Mais de 1,5 milhão de motoristas renovaram suas habilitações sem filas, sem taxas e sem sustos no bolso, conforme dados do Ministério dos Transportes.
O impacto não foi apenas na rotina dos condutores, mas também no caixa: cerca de R$ 1,182 bilhão deixaram de ser arrecadados em exames, tarifas e processos administrativos entre dezembro e março de 2026.
No mapa dessa nova mobilidade, o Sudeste acelera na dianteira, liderando o número de renovações automáticas.
Os números divulgados pelo Ministério do Transporte foram efusivamente celebrados pelo então chefe da pasta e “pai” do projeto, Senador Renan Filho (MDB-AL) em suas redes sociais.
Se será suficiente para animá-lo a concorrer ao Governo de Alagoas, só aguardando o transcorrer das fases da Lua dirá.
Entre economia e praticidade, o Brasil parece testar um novo modelo: menos carimbo, mais fluidez — como se a burocracia, enfim, tivesse aprendido a dirigir no modo automático.
A desburocratização governamental não é apenas um gesto administrativo; é, em essência, uma redefinição silenciosa da relação entre o indivíduo e o Estado.
Onde antes havia filas, carimbos e intermediações quase ritualísticas, surge um espaço mais fluido — e, com ele, uma pergunta incômoda: o quanto da nossa vida era, na verdade, consumida por obstáculos artificialmente mantidos?
O economista Hernando de Soto, ao analisar as economias informais, afirma que “o excesso de burocracia não regula a vida — ele a paralisa”.
Sua observação não é apenas técnica, mas existencial: sistemas excessivamente complexos empurram o cidadão para a margem, transformando direitos em privilégios de quem sabe navegar — ou pagar — pelo labirinto estatal.
Desburocratizar, portanto, não é apenas simplificar processos; é devolver tempo, dignidade e possibilidade de ação.
Douglass North, por sua vez, ao estudar as instituições, sustenta que “o desempenho econômico de uma sociedade depende da qualidade de suas regras formais e informais”.
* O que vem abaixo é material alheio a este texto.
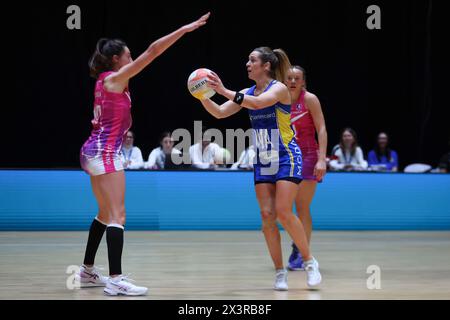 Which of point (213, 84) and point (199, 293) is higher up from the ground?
point (213, 84)

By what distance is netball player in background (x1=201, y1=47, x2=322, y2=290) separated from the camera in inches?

Quando o Estado reduz entraves desnecessários, ele não apenas acelera a economia — ele altera o próprio tecido social, permitindo que energia humana antes desperdiçada em procedimentos estéreis seja redirecionada para criação, inovação e convivência produtiva.
Mas há um paradoxo que se insinua: ao retirar barreiras, o Estado também abdica de certos mecanismos de controle.
E isso exige maturidade institucional e ética coletiva.
Como adverte o economista Friedrich Hayek, “a liberdade econômica é condição essencial para a liberdade em geral” — mas ela não se sustenta sem responsabilidade. A desburocratização, se mal conduzida, pode deslizar da eficiência para a negligência.
No fundo, o que está em jogo é o tempo humano — esse recurso finito, irrestituível, que a burocracia historicamente sequestrou com uma naturalidade quase invisível.
Reduzir esse sequestro é mais do que uma medida econômica: é um ato civilizatório. É reconhecer que viver não deveria ser, em grande parte, preencher formulários.
Entre carimbos que se apagam e processos que se dissolvem, talvez o maior ganho não esteja nos bilhões economizados, mas naquilo que não se contabiliza: a leveza de existir em um sistema que, ao invés de travar o indivíduo, finalmente permite que ele avance.